# Buying my first camera.Please help me in this noble cause



## Sankalp Tripathi (Nov 1, 2013)

What's your budget?
12-16 k INR
Camera type?
from all that i have researched it should be Point and Shoot

Body Style?
whichever 

How much zoom do you want/expect?
I have a lot of expectations

What will you be shooting with this camera?
 everyday life.plus there is a hidden photography enthusiast inside ,so as much possible 

Will you be shooting mostly indoors/low light and/or action/sports?

all of them 

Video?

yes please

Do you have any particular model(s) in your mind?
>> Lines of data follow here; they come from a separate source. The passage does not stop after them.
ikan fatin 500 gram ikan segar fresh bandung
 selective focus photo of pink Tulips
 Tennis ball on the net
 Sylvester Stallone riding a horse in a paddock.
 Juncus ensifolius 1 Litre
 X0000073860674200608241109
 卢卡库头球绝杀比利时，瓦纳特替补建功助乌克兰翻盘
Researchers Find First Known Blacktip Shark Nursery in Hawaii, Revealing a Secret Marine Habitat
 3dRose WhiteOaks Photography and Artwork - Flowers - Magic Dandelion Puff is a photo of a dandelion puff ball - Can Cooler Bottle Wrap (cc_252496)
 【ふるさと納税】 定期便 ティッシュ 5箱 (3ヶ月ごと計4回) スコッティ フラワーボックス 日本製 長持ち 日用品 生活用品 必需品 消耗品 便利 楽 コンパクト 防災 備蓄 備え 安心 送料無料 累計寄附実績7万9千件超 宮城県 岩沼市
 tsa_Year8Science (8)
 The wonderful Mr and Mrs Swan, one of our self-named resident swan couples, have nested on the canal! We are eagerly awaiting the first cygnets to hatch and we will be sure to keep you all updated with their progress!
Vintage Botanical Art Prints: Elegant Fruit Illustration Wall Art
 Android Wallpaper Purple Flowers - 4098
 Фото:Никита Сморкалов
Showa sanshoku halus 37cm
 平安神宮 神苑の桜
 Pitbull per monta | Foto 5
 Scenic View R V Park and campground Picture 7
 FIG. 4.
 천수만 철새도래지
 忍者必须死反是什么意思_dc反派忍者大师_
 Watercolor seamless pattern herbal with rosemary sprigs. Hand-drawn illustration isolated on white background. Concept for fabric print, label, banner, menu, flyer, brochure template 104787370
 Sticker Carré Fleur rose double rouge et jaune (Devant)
i don't know but everyone from my relatives to neighbour have Nikon.so if it is better 

Any brand preference? Like/dislike

 my family could hate names like panasonic/samsung/lumix etc 

From where will you be buying?

whosoever gives the better deal


----------



## nac (Nov 1, 2013)

If you want more zoom, TZ30 from Panasonic is the only choice.
If you really don't want a camera from Panasonic, you can go for Nikon P330 (again you don't have a lot of choice here). It's a large sensor compact, lot of controls but with less zoom. 
Else, SX160 from Canon. You will get good zoom and manual controls but you have to live with it's slow performance and other quirks of this camera.


----------



## Sankalp Tripathi (Nov 1, 2013)

well for a novice ,what i can read is P330 has more manual features than L820.is it so ? plus wih more pixels and zoom i think elders can use it easily.is there any con of it ? please and thank you for the reply


----------



## nac (Nov 2, 2013)

L820 - Manual controls  Almost it doesn't have any manual controls. I am not a fan of Nikon L series cameras. AN ENTHUSIAST should look for cameras with manual controls not cameras like *L820*.

Don't give a damn about pixels. No cameras are coming with less than 10MP nowadays. This is more than enough for our use. ZOOM - That you have to decide whether you want more or less is enough for your need. But I can't understand what made you to think that ease of use do have to do with these things (pixel and zoom)


----------



## Sankalp Tripathi (Nov 2, 2013)

what i meant is that because L820 has no manual control (i thought it had few  ) so if someone old wants to use may feel use.
btw p330 has auto mode too ?


----------



## nac (Nov 2, 2013)

All the cameras out there do have auto mode and plenty of scene modes to play with.


----------



## Sankalp Tripathi (Nov 4, 2013)

i went into jumbo electronics today and the salesman showed me fujifilm s 6800.it has manual control too (pams etc ).i don;t know how he clicked but the pic from fuji looked better than the l820.and it's price is little around 600 more.now i am more confused.
please reply


----------



## nac (Nov 5, 2013)

^ Not many reviews, and I am not finding it attractive after Fuji chose NO view finder and NO hot shoe and still they are coming with sensor stabilization.


----------